Le W3C a publié plus d’une quarantaine de recommandations depuis 1994. HTML, XHTML et CSS ne représentent qu’une petite portion du travail réalisé. Les autres recommandations incluent :
- Les lignes directrices de l’accessibilité Web (Web Accessibility Guidelines) visant à favoriser l’accès au Web pour les personnes aux prises avec des limitations physiques. Ces principes sont également profitables pour l’ensemble des utilisateurs (ils sont en fait similaires aux lignes directrices pour l’accès mobile) ;
- Scalable Vector Graphics (SVG), un format d’images et d’animations vectorielles basé sur XML. Les graphiques SVG sont éditables dans tout éditeur texte et peuvent être indexés par les moteurs de recherche, contrairement aux animation Flash ;
- MathML, un outil pour baliser les formules mathématiques sur le Web, à l’aide de XML.
On retrouve parmi les membres du W3C des entreprises comme Netscape, Microsoft, Apple, Ask Jeeves, Cannon, DoubleClick, Ericsson et OCLC.
Que sont les standards du Web ?
“Standards Web” est l’appellation utilisée par les développeurs web pour faire référence aux spécifications et aux lignes directrices émises par le Consortium du World Wide Web (voir plus haut).
Ces lignes directrices, communément appelées “standards,” couvrent plusieurs domaines, dont la sécurité et le cryptage sur le Web. Mais les recommandations pour les langages structurés comme HTML, XHTML , XML , ou encore, les langages de mise en page des documents comme CSS (Cascading Style Sheets - Feuilles de Style en Cascades), sont les aspects des normes qui devraient principalement intéresser les développeurs web.
En quelques mots, les guides du W3C pour le balisage des documents déterminent comment ceux-ci devraient être structurés et comment les récepteurs (incluant navigateurs, PDAs et interpréteurs braille) devraient afficher leur balisage.

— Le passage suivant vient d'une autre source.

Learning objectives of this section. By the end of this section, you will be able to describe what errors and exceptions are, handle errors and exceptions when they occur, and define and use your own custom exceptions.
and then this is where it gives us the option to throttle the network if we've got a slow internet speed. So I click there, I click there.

En ayant recours à XHTML pour la structure des documents et à CSS pour leur aspect, les développeurs web ont en main tous les atouts pour créer des sites qui sauront résister au passage du temps ainsi qu’à l’évolution éventuelle des navigateurs et autres agents utilisateurs, incluant toutes les technologies d’assistance. XHTML et CSS, les normes les plus récentes du W3C à ce jour pour le balisage des documents et leur mise en page, offrent aux sites Web d’aujourd’hui une structure rigoureuse dont les interfaces web, les moteurs de recherche, les systèmes de gestion de contenu et autres outils apparentés devraient pouvoir tirer avantage.

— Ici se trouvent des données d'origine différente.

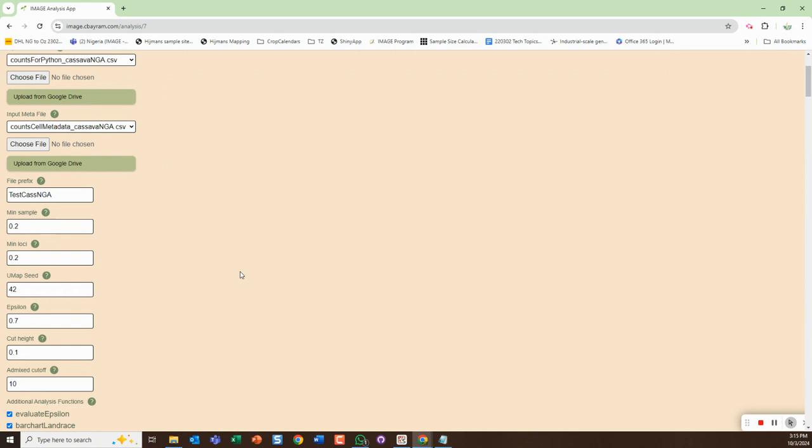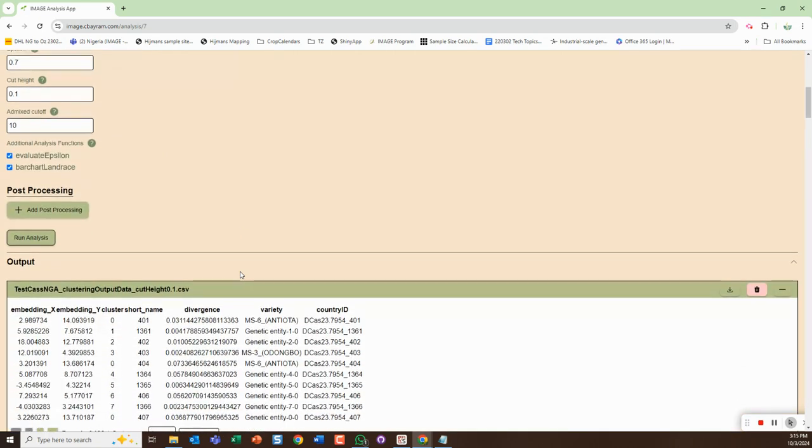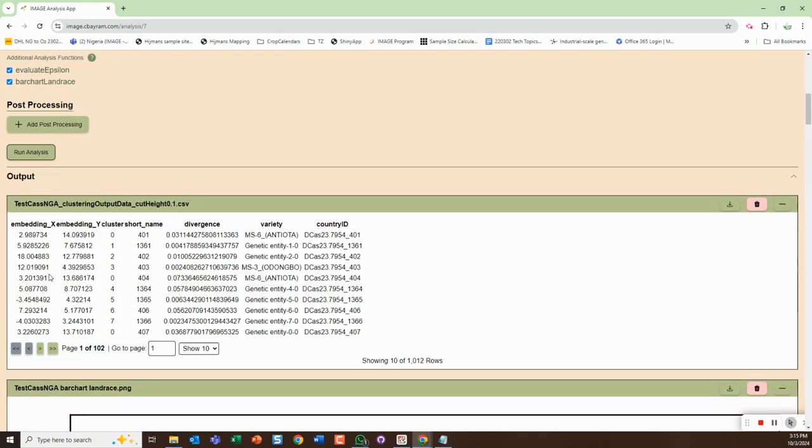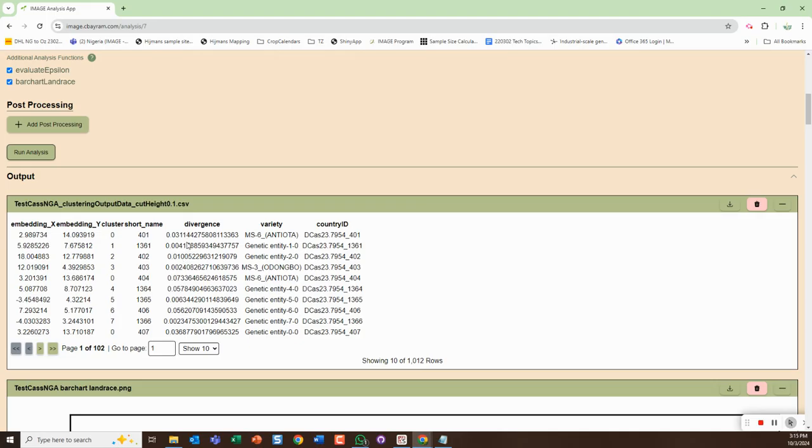Here you can see it gives you a little bit of a preview of what was outputted in terms of the dot CSV. It has the embedding for the UMAP, tells you what the cluster is, tells you what short name was used, gives you the divergence - maybe we can round this in the future by updating the Python code.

Par ailleurs, le recours à ces normes réduit considérablement les coûts associés à la production de sites Web, tout en assurant des économies substantielles quand arrive le temps des refontes de sites web. De plus, en tant que version allégée de XML , le XHTML est en mesure d’assister les développeurs web dans une transition en douceur vers un XML déployé à grande échelle par le biais d’un langage de balisage enrichi, promettant aux sites web un plus grand degré d’interopérabilité dans le futur.
Supporter l’accès
La première étape pour réaliser des sites web accessibles consiste à s’assurer d’utiliser le langage XHTML de manière correcte. XHTML 1.0 remplace la recommandation pour le HTML 4, qui elle même, remplaçait celle pour le HTML 3 et ainsi de suite. Chacune de ces recommandations est basée sur les fondements de la précédente. De manière générale, XHTML 1.0 conserve les bons éléments de HTML 4 tout en se débarrassant des moins bons.

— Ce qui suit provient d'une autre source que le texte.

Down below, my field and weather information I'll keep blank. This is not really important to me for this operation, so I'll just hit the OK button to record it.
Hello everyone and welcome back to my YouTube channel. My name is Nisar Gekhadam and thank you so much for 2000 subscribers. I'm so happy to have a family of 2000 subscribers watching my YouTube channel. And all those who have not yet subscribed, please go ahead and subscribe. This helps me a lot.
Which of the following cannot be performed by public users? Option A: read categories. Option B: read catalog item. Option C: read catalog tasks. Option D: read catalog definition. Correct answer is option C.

La documentation du W3C est rédigée par, et pour des programmeurs, et peut s’avérer difficile d’accès pour un lecteur inexpérimenté. De plus elles sont rédigées en anglais. Les développeurs apprennent, dans une certaine mesure, à utiliser directement les recommandations à partir du site du W3C, mais aussi plus fréquemment, par l’intermédiaire d’autres développeurs, d’articles ou de bouquins, comme cela a été le cas pour moi.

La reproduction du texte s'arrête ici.